Rona plays the villain in COVID ads targeting millennials
Meet Rona, that malevolent 2020 villain we already hate.
Rona is a fictional character developed by the Detroit-based creative firm BLVD for a new Michigan advertising campaign that aims to convince young adults to change their behaviors to curb spread of the coronavirus.
A coalition of mostly Michigan businesses, hospitals and corporate foundations is bankrolling the $5 million ad campaign in social media, radio, billboards, digital video, television and the Rona4Real website over the next four months.
“This is going to have to be a persistence game—it can’t be a one-shot deal,” Gerry Anderson, executive chairman of DTE Energy, told Crain’s Detroit Business.

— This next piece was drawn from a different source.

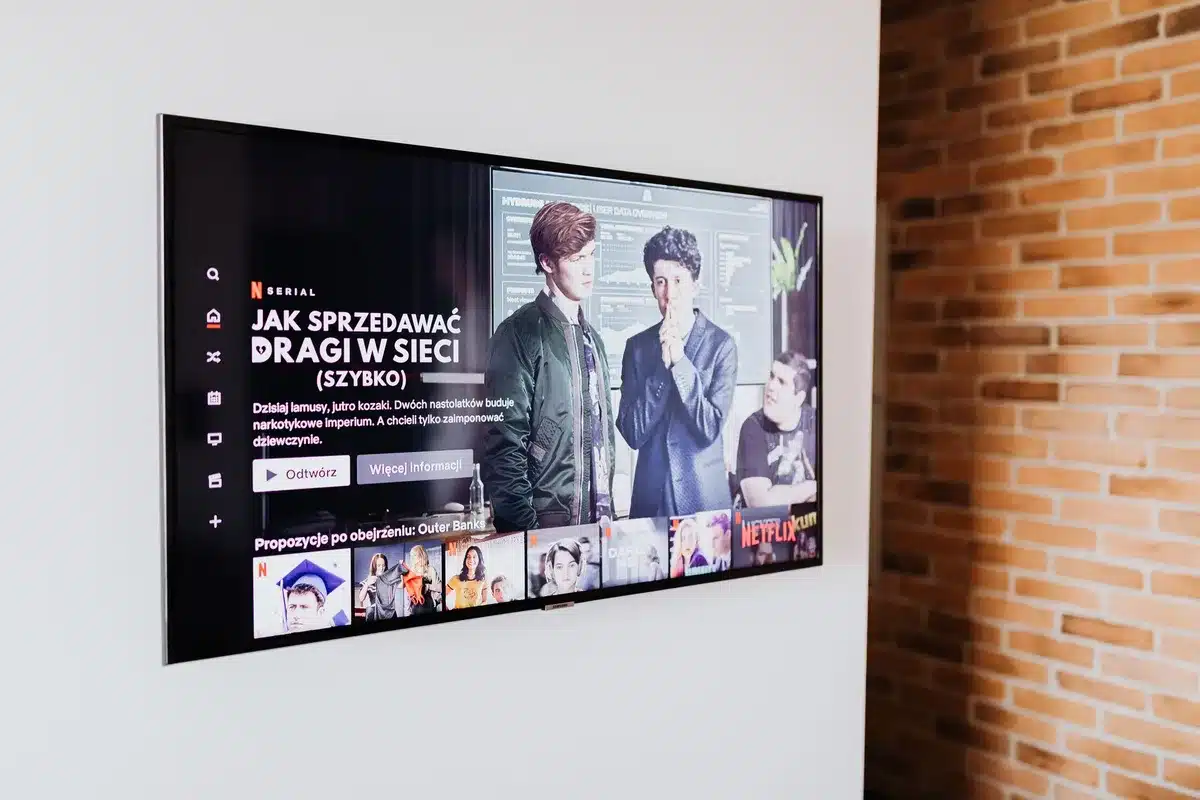 Multi-screen advertising network spanning cinema, office and residential locations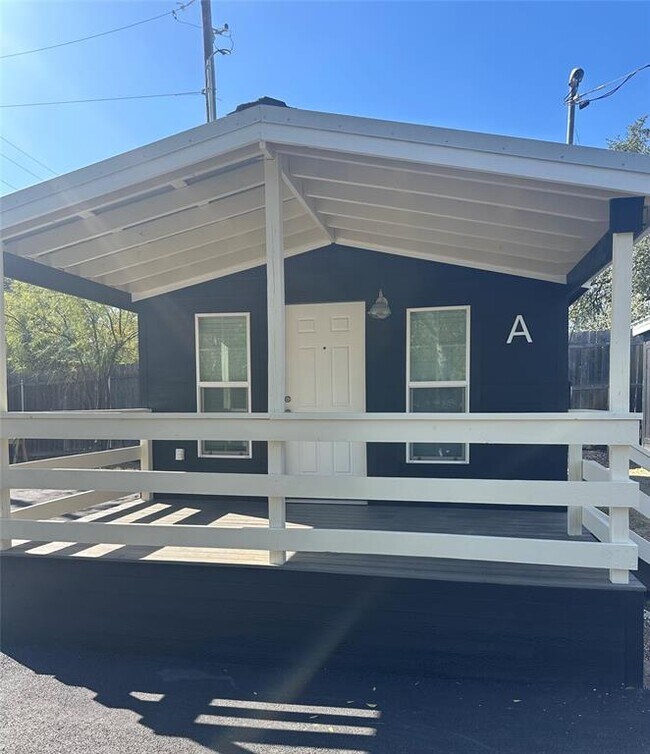 Foto del edificio - 3019 E 12th St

Funders of the campaign include DTE Energy, General Motors, Beaumont Health, Henry Ford Health System, Spectrum Health and Oakland University.
Since June, public health experts have been most alarmed by the rising number of cases among young adults under age 30.
Anderson and a steering committee of businesses hired BLVD and Ann Arbor-based marketing and brand communication firm Regroup to develop a strategy that would connect with millennials.
Rona was conceived as an advertising character who could be depicted as the invisible public health threat, said Lisa Richardson, senior vice president of Regroup. “We wanted to make Rona the common enemy,” Richardson said. “We’ve been giving (people) something new to hate.”